_WORK REQUEST:_ Give again, unaltered, the lines of the listing below that run from the line having "Zara Dantel Detaylı Siyah bluz - Görsel 2" through the line having "6750 Wing Lake".

_SUPPLIED MATERIAL:_
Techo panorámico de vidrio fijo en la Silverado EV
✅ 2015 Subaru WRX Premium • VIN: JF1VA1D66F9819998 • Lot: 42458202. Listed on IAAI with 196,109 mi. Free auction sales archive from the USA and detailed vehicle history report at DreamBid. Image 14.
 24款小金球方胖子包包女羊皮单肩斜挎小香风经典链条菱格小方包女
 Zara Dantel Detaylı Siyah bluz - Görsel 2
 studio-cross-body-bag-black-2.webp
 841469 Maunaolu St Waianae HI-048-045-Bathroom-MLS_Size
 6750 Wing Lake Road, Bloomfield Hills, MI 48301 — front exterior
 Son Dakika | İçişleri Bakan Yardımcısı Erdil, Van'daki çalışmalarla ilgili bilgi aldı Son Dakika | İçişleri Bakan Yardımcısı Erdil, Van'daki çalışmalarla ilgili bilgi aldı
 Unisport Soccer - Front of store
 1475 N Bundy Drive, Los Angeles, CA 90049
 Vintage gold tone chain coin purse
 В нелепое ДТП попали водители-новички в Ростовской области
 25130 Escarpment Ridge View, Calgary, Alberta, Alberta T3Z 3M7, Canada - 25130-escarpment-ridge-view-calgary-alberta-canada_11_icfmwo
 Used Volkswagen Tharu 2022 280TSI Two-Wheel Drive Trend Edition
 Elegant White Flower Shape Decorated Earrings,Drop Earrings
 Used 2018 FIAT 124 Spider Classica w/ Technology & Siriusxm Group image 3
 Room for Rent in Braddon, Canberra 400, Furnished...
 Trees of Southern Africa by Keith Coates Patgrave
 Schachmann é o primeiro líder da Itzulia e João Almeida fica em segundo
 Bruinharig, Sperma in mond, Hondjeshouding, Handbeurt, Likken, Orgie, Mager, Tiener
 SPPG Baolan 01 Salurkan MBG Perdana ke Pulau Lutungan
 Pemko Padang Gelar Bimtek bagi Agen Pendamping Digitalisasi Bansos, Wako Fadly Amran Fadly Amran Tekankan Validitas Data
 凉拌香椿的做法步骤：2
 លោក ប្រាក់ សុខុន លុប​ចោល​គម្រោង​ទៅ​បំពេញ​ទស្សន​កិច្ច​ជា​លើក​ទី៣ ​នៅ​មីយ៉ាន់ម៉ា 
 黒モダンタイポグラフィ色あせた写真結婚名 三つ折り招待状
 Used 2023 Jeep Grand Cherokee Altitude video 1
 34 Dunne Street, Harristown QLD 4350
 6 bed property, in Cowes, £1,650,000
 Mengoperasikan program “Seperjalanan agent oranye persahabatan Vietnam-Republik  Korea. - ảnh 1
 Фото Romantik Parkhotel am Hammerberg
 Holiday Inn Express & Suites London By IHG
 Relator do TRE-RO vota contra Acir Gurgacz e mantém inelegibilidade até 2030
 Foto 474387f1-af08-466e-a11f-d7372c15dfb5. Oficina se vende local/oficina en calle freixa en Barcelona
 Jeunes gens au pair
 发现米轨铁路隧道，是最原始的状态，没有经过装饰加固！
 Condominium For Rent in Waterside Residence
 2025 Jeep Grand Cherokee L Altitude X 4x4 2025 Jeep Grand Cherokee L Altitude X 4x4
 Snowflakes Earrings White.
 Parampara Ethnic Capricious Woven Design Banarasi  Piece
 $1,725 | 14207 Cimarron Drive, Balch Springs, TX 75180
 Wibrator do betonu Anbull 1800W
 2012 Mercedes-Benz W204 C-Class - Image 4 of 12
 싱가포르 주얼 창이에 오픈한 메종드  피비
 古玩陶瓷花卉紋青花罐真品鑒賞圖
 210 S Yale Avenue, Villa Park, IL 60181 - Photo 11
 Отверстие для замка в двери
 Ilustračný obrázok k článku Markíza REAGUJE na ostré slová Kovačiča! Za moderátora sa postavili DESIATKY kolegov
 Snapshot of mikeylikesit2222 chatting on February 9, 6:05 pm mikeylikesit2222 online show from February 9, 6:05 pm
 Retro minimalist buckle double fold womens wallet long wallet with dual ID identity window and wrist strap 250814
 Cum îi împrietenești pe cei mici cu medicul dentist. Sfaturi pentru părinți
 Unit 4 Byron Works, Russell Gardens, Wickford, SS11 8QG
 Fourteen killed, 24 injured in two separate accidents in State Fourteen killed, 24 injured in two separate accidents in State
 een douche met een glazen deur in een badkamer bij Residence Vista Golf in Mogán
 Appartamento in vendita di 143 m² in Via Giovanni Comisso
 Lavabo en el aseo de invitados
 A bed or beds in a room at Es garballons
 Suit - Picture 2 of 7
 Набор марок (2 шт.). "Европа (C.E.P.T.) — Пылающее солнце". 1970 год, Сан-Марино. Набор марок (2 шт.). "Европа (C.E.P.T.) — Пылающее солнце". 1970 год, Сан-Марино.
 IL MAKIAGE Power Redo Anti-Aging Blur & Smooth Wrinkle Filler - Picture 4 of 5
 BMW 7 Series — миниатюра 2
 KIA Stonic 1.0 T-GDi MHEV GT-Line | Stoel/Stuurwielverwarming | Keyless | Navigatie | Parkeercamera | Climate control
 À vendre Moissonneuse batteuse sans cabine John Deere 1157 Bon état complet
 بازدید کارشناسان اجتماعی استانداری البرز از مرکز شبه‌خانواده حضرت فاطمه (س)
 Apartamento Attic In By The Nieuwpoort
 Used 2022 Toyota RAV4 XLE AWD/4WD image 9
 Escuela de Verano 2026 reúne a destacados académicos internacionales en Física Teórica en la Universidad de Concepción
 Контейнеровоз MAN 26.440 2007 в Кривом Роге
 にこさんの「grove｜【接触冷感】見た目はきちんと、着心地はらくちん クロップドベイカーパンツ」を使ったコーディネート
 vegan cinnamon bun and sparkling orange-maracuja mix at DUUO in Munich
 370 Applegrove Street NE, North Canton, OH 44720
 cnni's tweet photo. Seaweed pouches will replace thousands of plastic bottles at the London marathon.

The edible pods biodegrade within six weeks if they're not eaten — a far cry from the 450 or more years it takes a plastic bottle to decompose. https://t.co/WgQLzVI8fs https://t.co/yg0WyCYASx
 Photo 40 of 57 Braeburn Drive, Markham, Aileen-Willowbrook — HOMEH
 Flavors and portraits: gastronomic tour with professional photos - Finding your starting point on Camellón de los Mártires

_OUTPUT BELOW:_
 Zara Dantel Detaylı Siyah bluz - Görsel 2
 studio-cross-body-bag-black-2.webp
 841469 Maunaolu St Waianae HI-048-045-Bathroom-MLS_Size
 6750 Wing Lake Road, Bloomfield Hills, MI 48301 — front exterior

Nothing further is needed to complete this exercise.